- [RECORDED DATA]
#####

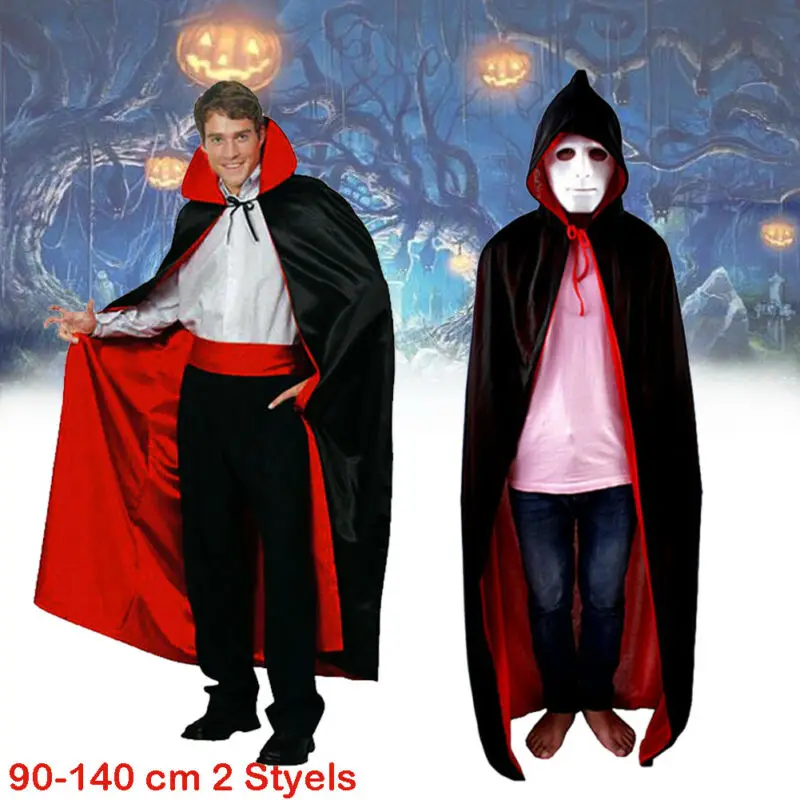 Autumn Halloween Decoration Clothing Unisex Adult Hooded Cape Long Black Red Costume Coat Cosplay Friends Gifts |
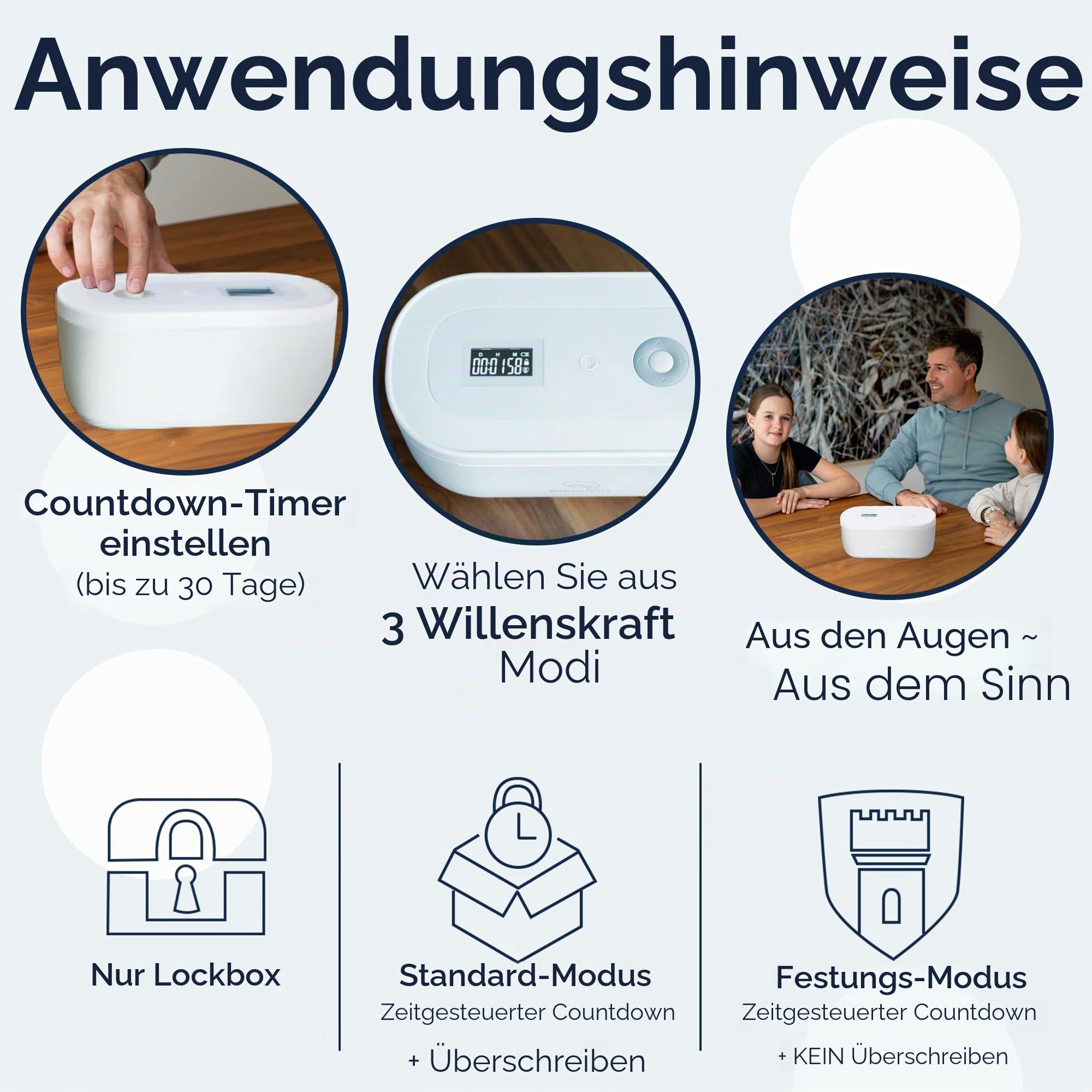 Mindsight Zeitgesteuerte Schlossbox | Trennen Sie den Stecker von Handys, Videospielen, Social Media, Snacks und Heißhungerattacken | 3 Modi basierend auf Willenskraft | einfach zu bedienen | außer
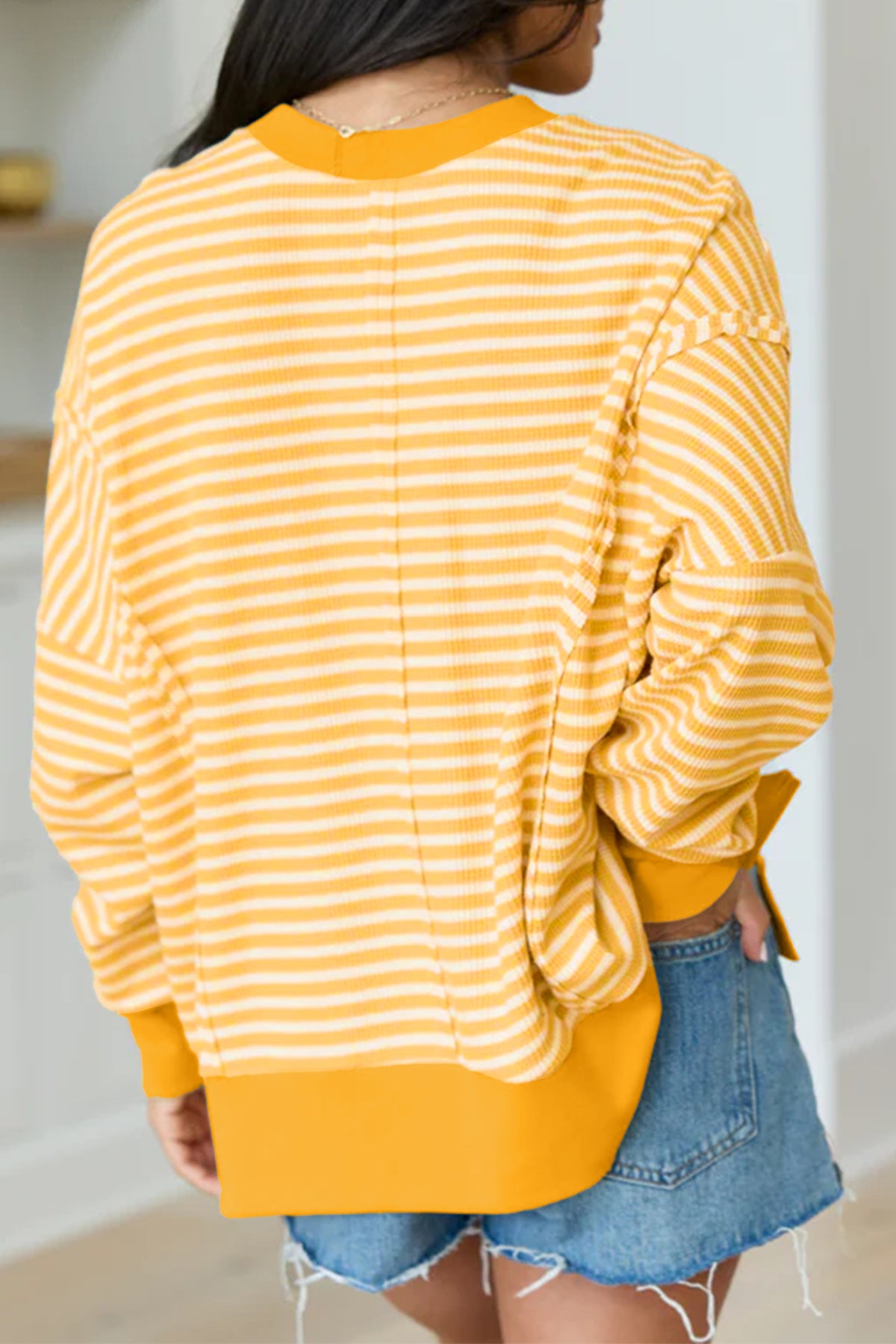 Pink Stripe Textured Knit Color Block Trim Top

#####

Produce the full material again verbatim, with the pictures dropped.

- [RESPONSE]
 Autumn Halloween Decoration Clothing Unisex Adult Hooded Cape Long Black Red Costume Coat Cosplay Friends Gifts |
 Mindsight Zeitgesteuerte Schlossbox | Trennen Sie den Stecker von Handys, Videospielen, Social Media, Snacks und Heißhungerattacken | 3 Modi basierend auf Willenskraft | einfach zu bedienen | außer
 Pink Stripe Textured Knit Color Block Trim Top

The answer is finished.